I'm working on a project that involves a lot of byte-level manipulation. I would like the library to accept binaries as input, but it's often convenient to work with functions on Enum
. I've ended up with a lot of functions that have two guarded definitions, one for when is_binary
and one for when is_list
:
@doc """
Convert a binary or list of bytes to a hexadecimal string representation,
## Examples
iex> Bytes.to_hex <<1,2,3,253,254,255>>
"010203fdfeff"
iex> Bytes.to_hex [1,2,3,253,254,255]
'010203fdfeff'
"""
def to_hex(bytes) when is_binary(bytes) do
:binary.bin_to_list(bytes) |> to_hex |> :binary.list_to_bin
end
def to_hex(bytes) when is_list(bytes) do
hexes = Enum.map bytes, &byte_to_hex/1
Enum.join(hexes) |> String.downcase |> :binary.bin_to_list
end
defp byte_to_hex(byte) do
Integer.to_char_list(byte, 16) |> :string.right(2, ?0)
end
In addition, there's the :binary.bin_to_list
at the end of the list version followed by the :binary.list_to_bin
at the end of the string version, resulting in superfluous work.

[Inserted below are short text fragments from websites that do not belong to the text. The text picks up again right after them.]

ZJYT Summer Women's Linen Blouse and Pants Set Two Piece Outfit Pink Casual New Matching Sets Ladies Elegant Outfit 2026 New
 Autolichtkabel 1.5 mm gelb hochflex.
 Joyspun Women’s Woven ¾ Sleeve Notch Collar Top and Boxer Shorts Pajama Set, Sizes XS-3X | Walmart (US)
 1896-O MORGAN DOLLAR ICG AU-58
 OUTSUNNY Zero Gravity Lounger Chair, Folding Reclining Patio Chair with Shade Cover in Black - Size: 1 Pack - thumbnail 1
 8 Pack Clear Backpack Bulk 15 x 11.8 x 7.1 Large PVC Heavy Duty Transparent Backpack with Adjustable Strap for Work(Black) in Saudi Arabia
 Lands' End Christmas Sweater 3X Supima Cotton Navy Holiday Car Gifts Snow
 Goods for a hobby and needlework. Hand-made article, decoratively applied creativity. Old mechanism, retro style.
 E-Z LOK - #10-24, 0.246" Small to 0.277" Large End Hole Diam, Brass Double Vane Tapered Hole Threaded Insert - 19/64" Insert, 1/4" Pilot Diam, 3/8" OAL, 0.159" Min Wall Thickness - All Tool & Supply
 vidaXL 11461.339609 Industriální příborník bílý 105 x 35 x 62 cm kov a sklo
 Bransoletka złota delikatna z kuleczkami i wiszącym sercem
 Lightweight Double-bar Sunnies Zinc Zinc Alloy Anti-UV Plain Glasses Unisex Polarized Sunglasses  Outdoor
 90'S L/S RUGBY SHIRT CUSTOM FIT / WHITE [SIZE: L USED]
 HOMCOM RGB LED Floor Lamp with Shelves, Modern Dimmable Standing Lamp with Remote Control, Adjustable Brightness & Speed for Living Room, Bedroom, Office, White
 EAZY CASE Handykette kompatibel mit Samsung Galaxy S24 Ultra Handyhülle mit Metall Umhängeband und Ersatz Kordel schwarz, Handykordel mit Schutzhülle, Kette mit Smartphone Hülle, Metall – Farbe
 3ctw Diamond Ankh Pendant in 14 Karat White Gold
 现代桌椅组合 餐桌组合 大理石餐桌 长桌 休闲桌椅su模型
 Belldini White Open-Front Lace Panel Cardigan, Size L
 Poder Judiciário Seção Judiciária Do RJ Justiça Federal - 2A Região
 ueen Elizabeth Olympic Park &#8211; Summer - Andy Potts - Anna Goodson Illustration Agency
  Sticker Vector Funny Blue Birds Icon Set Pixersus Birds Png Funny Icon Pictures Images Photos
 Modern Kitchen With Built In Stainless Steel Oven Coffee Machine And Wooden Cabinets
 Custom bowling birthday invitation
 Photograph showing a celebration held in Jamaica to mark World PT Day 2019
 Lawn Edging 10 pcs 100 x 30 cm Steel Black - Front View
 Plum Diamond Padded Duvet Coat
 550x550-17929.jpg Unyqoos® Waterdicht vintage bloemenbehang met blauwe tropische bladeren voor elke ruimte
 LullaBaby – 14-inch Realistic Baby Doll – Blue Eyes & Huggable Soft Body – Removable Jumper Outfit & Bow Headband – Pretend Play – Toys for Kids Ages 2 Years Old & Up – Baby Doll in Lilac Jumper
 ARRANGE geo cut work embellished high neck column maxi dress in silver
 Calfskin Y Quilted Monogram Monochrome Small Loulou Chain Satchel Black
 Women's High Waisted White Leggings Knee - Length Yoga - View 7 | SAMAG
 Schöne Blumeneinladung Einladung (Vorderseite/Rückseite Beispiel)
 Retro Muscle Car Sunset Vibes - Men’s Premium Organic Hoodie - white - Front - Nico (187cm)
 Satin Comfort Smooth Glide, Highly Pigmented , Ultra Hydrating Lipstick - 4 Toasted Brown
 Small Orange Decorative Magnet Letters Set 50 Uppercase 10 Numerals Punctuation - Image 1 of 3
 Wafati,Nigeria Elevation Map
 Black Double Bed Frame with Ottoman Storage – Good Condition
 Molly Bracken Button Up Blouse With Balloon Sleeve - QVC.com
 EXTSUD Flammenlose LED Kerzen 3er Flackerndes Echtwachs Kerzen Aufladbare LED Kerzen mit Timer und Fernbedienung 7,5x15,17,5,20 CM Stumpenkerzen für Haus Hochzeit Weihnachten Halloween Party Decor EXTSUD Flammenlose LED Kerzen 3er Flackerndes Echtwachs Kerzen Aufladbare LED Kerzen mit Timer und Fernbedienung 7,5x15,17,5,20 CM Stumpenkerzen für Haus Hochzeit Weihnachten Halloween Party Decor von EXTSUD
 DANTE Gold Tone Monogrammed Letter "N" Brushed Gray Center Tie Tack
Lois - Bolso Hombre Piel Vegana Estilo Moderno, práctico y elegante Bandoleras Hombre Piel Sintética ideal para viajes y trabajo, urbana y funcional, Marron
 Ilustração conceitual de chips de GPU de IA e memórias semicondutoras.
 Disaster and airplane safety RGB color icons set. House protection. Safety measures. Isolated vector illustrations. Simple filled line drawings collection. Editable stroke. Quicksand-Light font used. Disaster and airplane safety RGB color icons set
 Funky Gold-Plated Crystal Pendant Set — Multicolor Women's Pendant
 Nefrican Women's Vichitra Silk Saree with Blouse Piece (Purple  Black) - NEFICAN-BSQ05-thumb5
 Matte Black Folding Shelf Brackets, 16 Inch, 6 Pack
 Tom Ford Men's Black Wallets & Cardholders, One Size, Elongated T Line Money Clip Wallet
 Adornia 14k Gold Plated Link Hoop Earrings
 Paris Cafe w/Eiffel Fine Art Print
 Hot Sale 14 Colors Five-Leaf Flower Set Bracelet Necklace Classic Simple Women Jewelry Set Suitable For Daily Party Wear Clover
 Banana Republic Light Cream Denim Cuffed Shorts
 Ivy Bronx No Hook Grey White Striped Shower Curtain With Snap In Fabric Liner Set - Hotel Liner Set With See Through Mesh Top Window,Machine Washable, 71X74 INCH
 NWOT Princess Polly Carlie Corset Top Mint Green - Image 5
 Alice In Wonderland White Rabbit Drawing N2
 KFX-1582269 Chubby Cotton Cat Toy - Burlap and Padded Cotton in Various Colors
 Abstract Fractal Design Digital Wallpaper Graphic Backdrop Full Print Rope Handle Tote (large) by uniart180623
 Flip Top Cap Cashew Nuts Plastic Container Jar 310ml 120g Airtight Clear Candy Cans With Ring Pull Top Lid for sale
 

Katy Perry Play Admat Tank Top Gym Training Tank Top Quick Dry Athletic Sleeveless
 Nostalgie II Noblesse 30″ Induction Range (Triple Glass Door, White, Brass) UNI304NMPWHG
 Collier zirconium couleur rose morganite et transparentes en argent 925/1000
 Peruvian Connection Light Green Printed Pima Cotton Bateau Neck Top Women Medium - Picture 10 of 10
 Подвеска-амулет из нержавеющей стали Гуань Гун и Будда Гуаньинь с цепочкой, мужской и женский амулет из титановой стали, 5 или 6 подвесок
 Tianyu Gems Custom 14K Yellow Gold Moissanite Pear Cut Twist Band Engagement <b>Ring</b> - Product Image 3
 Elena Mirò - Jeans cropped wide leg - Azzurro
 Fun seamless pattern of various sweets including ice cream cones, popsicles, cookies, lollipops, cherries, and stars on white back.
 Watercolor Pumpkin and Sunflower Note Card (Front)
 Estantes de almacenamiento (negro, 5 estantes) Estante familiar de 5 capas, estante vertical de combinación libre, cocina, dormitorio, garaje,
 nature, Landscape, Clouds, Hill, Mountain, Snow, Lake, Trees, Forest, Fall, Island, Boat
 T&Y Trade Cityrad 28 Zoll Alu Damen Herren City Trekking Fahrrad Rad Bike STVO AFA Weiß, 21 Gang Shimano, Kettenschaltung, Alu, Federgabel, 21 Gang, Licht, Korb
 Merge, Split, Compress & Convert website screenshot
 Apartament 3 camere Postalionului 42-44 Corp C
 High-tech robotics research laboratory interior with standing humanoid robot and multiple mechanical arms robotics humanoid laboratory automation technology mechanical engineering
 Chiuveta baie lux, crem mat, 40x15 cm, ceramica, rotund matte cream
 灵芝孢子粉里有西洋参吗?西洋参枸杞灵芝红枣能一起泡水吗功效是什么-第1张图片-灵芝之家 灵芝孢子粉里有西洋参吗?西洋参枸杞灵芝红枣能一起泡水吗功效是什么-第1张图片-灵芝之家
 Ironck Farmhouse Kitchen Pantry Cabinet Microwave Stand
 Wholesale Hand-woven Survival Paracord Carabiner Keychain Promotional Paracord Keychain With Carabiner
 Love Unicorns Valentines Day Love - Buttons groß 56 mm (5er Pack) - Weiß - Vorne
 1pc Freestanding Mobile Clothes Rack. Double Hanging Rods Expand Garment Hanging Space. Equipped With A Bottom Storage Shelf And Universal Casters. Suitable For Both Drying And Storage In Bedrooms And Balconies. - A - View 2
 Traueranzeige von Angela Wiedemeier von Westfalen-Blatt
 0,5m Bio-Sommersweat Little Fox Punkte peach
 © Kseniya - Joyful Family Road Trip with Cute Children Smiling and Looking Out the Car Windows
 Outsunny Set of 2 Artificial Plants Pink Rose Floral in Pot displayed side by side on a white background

I'd really like to be able to use the same abstractions for binaries, as well. I initially tried doing this by implementing a protocol for BitString
:
defimpl Enumerable, for: BitString do
def count(coll) do
{:ok, byte_size(coll)}
end
def member?(_coll, _val) do
{:error, __MODULE__}
end
def reduce(_, {:halt, acc}, _fun) do
{:halted, acc}
end
def reduce(bin, {:suspend, acc}, fun) do
{:suspended, acc, &reduce(bin, &1, fun)}
end
def reduce(<<>>, {:cont, acc}, _fun) do
{:done, acc}
end
def reduce(<< h :: binary-size(1), t :: binary >>, {:cont, acc}, fun) do
reduce(t, fun.(h, acc), fun)
end
end
This works great for the count
, member
, and reduce
cases:
test "counts bytes" do
assert Enum.count(<<0, 1, 2>>) == 3
end
test "reports members" do
assert Enum.member?(<<0, 1, 2>>, <<3>>) == false
assert Enum.member?(<<0, 1, 2>>, <<2>>) == true
end
test "reduces binaries" do
reducer = fn(b, acc) -> b <> acc end
assert Enum.reduce("abc", "", reducer) == "cba"
end
However, some Enum
functions call out to functions on :lists
; for example, Enum.map
calls :lists.reverse
, so this gives different output:
test "maps binaries" do
mapper = fn(<<b>>) -> <<b + 1>> end
assert Enum.map(<<0, 1, 2 >>, mapper) == <<1, 2, 3>>
end
1) test maps binaries
Assertion with == failed
code: Enum.map(<<0, 1, 2>>, mapper) == <<1, 2, 3>>
lhs: [<<1>>, <<2>>, <<3>>]
rhs: <<1, 2, 3>>
What is the most idiomatic way to deal with this kind of situation? Should I simply keep with the guards and implement the list <-> binary conversions? Should I create a specific module for the functions, like List
is to Enum
?
Edit
I thought I could take care of the extra list <-> binary conversions by making the binary the base case:
def to_hex(bytes) when is_binary(bytes) do
bytes
|> :binary.bin_to_list
|> Enum.map(&byte_to_hex/1)
|> Enum.join
end
def to_hex(bytes) when is_list(bytes) do
bytes |> :binary.list_to_bin |> to_hex |> :binary.bin_to_list
end
defp byte_to_hex(byte) do
Integer.to_string(byte, 16) |> String.rjust(2, ?0) |> String.downcase
end
But of course, there's still the same number of list_to_bin
and bin_to_list
calls in this version, just moved around. Is there just no way around this?
It looks weird that you get binaries whil enumerating a binary. To me, they should be integers. Just like a char list.
Then functions like
Enum.map
would work as expected.